By Mel Watkins
Progressive Economics Forun
February 10th, 2012
Empires vary: of conquest, of settlement, of trade; contiguous and maritime. Empires abound: a long list, longer even than many books on empire admit to.
Wikipedia lists over 200 empires from the Akkadian Empire of Sargon the Great in the 24th century BCE to today’s American Empire. In terms of territory the largest are the Achaemenid, the Han and the Roman in ancient times, the Mongol and the Yuan Dynasty in medieval times, and the British, the Russian, the Spanish, the Qing and the French in modern times.
Round up the above with the Incan and the Aztec from the Americas, the Mauryan in India, the Zulu in sub-Saharan Africa. It is evident that empire is a world-wide phenomenon, thriving in diverse cultures over the millenia. The nation-state is no more than a late arrival.

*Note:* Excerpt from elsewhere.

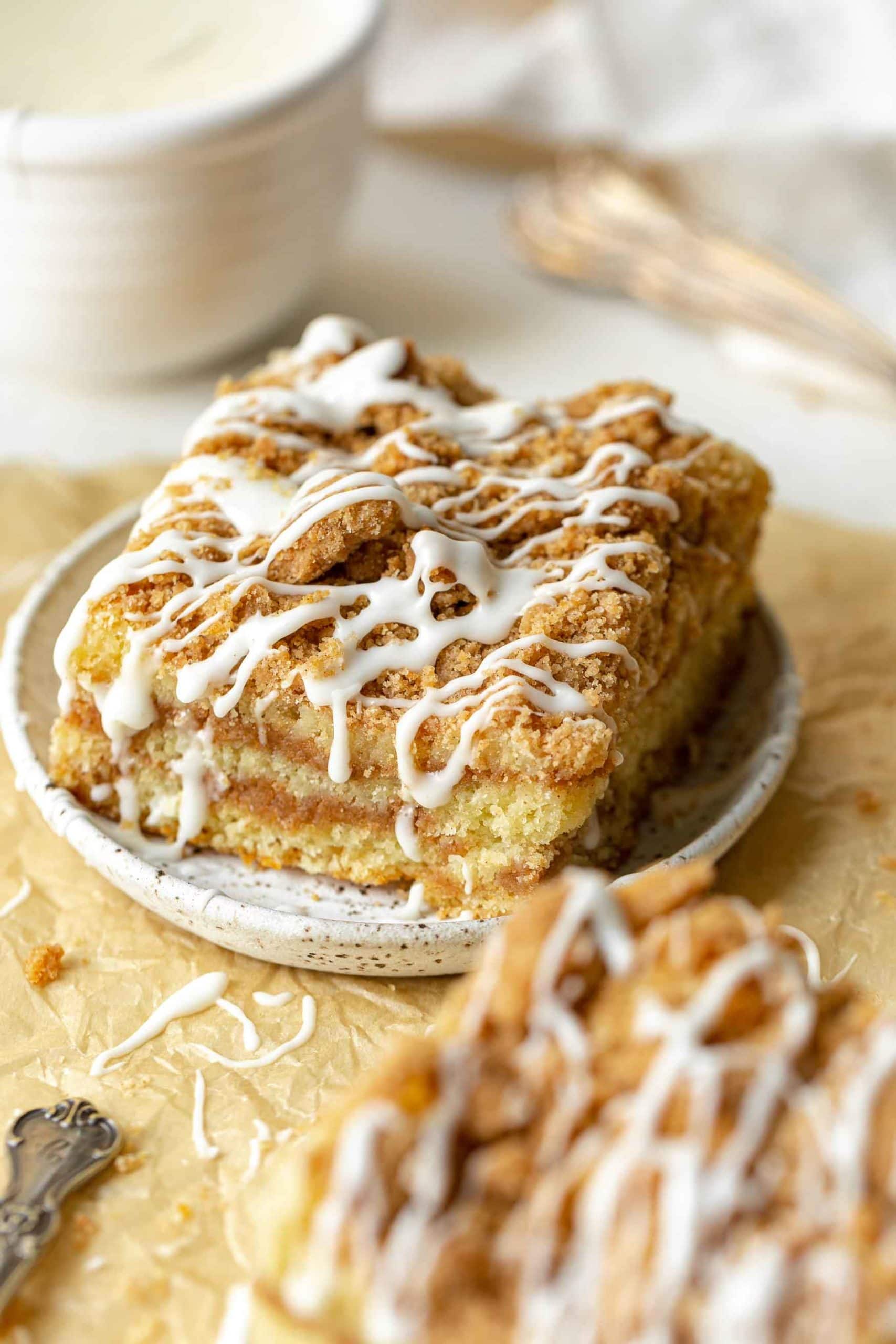 a photo of a piece of coffee cake topped with icing drizzles on a small saucer with another piece in the foreground. a photo of a piece of coffee cake topped with icing drizzles on a small saucer with another piece in the foreground.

Yet economists still have difficulty with the word “imperialism,” and insist that trade is based on comparative advantage among independent countries. The real world is one riddled with asymmetries of power – that being inherent to empire- where politcal economy, precisely because of its explicit recognition of power, trumps orthodox ecoomics with its a-political methodology.
In fact, the rationale for empire is typically to monopolize trade. “Trade theory,” built on Ricardo’s two-country model – which pervades introductory economics textbooks – misleads students, and their professors, and needs to be rethought. Ricardo’s two countries, England and Portugal, were. as we all know, both imperial centres. Yet orthodox economics deems that irrelevant.